Stored data
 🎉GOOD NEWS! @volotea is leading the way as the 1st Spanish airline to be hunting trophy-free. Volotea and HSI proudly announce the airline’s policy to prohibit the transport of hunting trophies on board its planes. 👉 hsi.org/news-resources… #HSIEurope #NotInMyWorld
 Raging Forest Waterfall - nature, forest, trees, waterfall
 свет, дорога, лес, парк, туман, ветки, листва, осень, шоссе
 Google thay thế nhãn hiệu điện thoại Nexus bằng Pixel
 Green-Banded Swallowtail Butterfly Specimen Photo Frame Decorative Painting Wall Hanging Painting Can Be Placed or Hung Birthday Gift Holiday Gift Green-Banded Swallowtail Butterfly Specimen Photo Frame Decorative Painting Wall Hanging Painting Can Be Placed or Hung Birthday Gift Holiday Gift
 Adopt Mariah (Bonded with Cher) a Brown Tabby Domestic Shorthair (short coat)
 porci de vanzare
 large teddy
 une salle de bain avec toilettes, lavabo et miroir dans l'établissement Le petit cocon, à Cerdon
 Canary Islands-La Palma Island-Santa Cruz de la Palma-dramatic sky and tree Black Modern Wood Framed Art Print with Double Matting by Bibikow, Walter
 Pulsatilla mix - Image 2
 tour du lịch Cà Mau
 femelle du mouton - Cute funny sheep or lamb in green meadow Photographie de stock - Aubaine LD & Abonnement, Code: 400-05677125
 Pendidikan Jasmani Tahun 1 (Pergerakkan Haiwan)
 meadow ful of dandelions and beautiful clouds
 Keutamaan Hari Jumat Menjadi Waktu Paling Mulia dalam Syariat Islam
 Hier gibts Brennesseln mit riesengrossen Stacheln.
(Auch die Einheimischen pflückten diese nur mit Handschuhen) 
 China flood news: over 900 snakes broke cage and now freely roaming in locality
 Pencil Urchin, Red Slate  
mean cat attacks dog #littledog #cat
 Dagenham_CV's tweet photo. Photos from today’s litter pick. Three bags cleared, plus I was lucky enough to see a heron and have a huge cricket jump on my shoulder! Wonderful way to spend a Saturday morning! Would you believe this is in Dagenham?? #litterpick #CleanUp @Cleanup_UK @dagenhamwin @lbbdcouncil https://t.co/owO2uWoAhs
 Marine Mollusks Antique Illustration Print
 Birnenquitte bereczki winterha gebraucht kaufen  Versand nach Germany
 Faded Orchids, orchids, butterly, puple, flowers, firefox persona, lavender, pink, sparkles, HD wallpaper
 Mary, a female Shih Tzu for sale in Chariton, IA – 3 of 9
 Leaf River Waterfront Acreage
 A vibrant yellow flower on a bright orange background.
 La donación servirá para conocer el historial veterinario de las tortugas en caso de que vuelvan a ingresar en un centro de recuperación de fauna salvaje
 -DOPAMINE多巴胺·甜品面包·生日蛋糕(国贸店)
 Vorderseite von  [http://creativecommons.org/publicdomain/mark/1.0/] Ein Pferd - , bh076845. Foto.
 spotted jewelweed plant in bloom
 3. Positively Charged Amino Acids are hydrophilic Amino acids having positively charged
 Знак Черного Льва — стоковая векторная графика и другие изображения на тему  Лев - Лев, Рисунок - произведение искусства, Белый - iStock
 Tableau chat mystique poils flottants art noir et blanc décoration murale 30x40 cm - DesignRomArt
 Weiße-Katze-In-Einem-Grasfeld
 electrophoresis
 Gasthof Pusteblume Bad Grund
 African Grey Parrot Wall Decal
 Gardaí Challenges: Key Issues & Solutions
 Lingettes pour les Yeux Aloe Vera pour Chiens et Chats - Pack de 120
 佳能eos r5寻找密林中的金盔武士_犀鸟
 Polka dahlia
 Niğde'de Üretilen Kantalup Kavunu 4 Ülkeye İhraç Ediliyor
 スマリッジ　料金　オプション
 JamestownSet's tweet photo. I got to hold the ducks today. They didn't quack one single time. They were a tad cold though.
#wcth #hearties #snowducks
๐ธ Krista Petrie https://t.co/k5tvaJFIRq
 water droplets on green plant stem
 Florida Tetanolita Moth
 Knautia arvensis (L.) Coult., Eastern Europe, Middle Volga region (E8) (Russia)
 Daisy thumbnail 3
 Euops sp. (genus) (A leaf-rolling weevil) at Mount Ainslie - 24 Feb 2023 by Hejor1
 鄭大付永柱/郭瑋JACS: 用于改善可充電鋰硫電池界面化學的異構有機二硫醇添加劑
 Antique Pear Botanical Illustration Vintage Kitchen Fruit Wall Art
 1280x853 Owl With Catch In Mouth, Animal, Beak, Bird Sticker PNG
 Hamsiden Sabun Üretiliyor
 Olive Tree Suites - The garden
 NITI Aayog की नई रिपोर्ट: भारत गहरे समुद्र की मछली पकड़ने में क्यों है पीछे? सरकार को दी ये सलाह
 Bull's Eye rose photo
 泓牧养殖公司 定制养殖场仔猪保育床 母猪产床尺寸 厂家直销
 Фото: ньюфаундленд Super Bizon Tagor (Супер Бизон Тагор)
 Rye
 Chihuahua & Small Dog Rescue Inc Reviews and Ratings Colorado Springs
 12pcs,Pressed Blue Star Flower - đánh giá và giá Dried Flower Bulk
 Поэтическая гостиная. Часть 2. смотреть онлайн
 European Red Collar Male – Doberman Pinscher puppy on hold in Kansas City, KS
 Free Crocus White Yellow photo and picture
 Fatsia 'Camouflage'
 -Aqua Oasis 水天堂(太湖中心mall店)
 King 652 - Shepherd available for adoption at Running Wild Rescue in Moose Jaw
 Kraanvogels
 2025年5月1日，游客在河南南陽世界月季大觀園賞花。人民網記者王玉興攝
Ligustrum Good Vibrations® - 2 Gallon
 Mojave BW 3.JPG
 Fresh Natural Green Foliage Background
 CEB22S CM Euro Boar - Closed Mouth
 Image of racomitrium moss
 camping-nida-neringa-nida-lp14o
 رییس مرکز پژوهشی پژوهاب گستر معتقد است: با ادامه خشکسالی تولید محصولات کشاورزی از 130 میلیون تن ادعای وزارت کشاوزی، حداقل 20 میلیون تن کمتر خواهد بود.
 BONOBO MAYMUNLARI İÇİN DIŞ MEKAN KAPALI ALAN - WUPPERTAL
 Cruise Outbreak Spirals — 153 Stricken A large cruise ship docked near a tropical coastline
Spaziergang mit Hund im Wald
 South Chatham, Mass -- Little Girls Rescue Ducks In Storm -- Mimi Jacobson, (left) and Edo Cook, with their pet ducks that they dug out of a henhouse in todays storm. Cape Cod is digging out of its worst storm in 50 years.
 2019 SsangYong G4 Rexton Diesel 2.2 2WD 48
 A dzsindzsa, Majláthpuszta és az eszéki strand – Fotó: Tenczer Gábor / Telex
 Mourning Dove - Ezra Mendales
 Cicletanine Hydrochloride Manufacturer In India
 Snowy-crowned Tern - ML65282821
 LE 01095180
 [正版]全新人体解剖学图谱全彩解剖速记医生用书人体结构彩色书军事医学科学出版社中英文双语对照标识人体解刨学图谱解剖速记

What the task requires:
Print, from the entries above, the line with "Pendidikan Jasmani Tahun", the line with "3. Positively Charged" and all lines between them, exactly and with nothing else.

Exercise solution:
 Pendidikan Jasmani Tahun 1 (Pergerakkan Haiwan)
 meadow ful of dandelions and beautiful clouds
 Keutamaan Hari Jumat Menjadi Waktu Paling Mulia dalam Syariat Islam
 Hier gibts Brennesseln mit riesengrossen Stacheln.
(Auch die Einheimischen pflückten diese nur mit Handschuhen) 
 China flood news: over 900 snakes broke cage and now freely roaming in locality
 Pencil Urchin, Red Slate  
mean cat attacks dog #littledog #cat
 Dagenham_CV's tweet photo. Photos from today’s litter pick. Three bags cleared, plus I was lucky enough to see a heron and have a huge cricket jump on my shoulder! Wonderful way to spend a Saturday morning! Would you believe this is in Dagenham?? #litterpick #CleanUp @Cleanup_UK @dagenhamwin @lbbdcouncil https://t.co/owO2uWoAhs
 Marine Mollusks Antique Illustration Print
 Birnenquitte bereczki winterha gebraucht kaufen  Versand nach Germany
 Faded Orchids, orchids, butterly, puple, flowers, firefox persona, lavender, pink, sparkles, HD wallpaper
 Mary, a female Shih Tzu for sale in Chariton, IA – 3 of 9
 Leaf River Waterfront Acreage
 A vibrant yellow flower on a bright orange background.
 La donación servirá para conocer el historial veterinario de las tortugas en caso de que vuelvan a ingresar en un centro de recuperación de fauna salvaje
 -DOPAMINE多巴胺·甜品面包·生日蛋糕(国贸店)
 Vorderseite von  [http://creativecommons.org/publicdomain/mark/1.0/] Ein Pferd - , bh076845. Foto.
 spotted jewelweed plant in bloom
 3. Positively Charged Amino Acids are hydrophilic Amino acids having positively charged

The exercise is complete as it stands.